Laeghaire at Tara. One, Lochra, hardened the King's heart against the preaching; so "the Saint prayed that he might be lifted out and die, even as St. Peter had obtained the death of Simon Magus. In an instant Lochra was raised up in the air, and died, falling on a stone." This Lochra had, it is said, previously foretold the Saint's visit:--

"A Tailcenn (baldhead) will come over the raging sea,
With his perforated garments, his crook-headed staff,
With his table (altar) at the east end of his house,
And all the people will answer--'Amen! Amen!"

The authoress of Ireland, the Ur of the Chaldees, ventured to write:--"When the Apostle of Ireland went there, the people believed him, for he taught no new doctrine." She thought Druidism not very unlike Christianity. Dr. O'Donovan, upon the Four Masters, observes:--"Nothing is clearer than that Patrick engrafted Christianity on the pagan superstitions with so much skill that he won the people over to the Christian religion before they understood the exact difference between the two systems of beliefs; and much of this half pagan, half Christian religion will be found, not only in the Irish stories of the Middle Ages, but in the superstitions of the peasantry of the present day." Todd sees that worldly wisdom in "dedicating to a Saint the pillar-stone, or sacred fountain."

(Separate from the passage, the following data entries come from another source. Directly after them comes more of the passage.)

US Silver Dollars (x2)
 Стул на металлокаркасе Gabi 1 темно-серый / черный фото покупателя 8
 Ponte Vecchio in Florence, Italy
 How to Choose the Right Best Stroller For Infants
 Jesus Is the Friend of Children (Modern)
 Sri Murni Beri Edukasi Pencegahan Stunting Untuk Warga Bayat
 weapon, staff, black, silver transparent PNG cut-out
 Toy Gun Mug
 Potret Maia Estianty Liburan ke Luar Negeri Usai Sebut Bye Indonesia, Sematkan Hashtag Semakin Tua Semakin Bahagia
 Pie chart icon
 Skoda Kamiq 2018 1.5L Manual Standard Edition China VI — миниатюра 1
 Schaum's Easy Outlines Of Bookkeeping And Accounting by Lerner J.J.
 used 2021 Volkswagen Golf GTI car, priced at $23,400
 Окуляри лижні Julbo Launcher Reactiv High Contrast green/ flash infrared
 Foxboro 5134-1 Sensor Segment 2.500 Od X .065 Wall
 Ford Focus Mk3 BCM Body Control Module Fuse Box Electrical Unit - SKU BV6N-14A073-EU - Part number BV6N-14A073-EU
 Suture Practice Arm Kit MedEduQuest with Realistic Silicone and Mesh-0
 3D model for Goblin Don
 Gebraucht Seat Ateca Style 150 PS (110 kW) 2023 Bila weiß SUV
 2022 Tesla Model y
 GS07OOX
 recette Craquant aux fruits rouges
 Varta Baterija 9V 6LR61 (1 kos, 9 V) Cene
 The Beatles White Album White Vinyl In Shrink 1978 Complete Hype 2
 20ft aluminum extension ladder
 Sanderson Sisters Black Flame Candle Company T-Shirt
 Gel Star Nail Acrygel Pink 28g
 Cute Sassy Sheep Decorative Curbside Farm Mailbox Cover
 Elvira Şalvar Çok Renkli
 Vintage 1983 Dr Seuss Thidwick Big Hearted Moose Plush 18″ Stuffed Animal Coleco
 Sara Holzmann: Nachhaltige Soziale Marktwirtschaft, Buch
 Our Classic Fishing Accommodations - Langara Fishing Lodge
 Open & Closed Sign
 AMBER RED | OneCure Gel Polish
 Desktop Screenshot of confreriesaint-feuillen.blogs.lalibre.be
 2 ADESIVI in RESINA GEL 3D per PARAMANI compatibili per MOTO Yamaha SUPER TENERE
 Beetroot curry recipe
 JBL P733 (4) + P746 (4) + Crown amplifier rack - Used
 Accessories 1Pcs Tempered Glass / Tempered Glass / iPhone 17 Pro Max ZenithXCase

It is not necessary to discuss the question as to the individual Saint himself, around which so much controversy has raged. They who read theology between the lines of old Irish history may be induced to doubt whether such a person ever existed, or if he were but a Druid himself, such being the obscurity of old literature.

St. Bridget's early career was associated with the Druids. A miracle she wrought in the production of butter caused her Druidical master to become a Christian.